AMHERST — At this time last year, Greg Carvel was just hopeful he would find a goalie consistent enough to trust.
UMass had all the firepower on paper that it needed to make history last season, but it needed better goaltending than what it had received during the 2017-18 season. Matt Murray was coming off a shaky freshman campaign and Filip Lindberg was a talented freshman who the coaches hoped would settle into the North American game. The tandem erased all doubts last season while backstopping the nation’s seventh-best scoring defense and both finishing among the top 25 in save percentage.
A new season has emerged and Carvel now has to balance keeping both goalies as sharp as they were last season.
“We’re going to have to be smart about it, but it’s going to be on those two guys to still practice at a high level,” goalies coach Jared DeMichiel said. “They need to play well in practice and have it bleed over into the games.”

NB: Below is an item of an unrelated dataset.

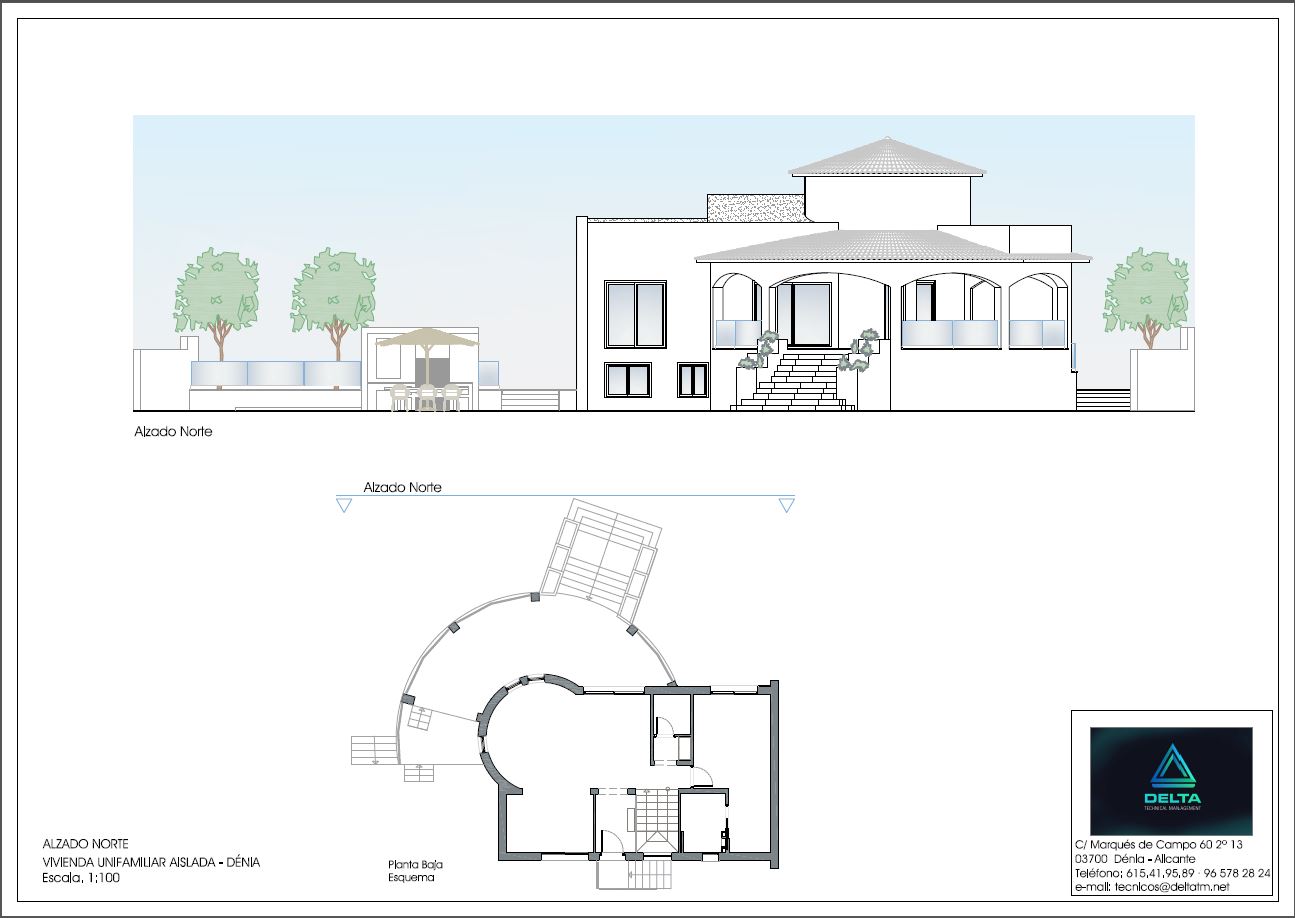 Casa Taperera · P04- ALZADO NORTE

Entering the sixth and final week of practice before Friday’s season opener, both Lindberg and Murray have made the coaches’ decision that much harder with their play in practice. Neither one has willingly ceded an inch in the friendly competition between the pair, and both of them credit that to the presence of the other one.
“I couldn’t ask for anything else,” Murray said. “When you’re on the ice with someone who’s pushing you consistently, there’s only one way you’re going to go, and that’s up. There’s only one thing you’re going to do and that’s getting better. That’s the best case scenario that anybody could look at, especially for a team having two strong goalies, and then me personally having that competition keep pushing me day in and day out.”
Lindberg said knowing Murray’s work ethic has helped him stay motivated and focused this fall.
“I feel it’s a good thing knowing there’s a guy that works just as hard as I do,” Lindberg said. “It pushes me every day.”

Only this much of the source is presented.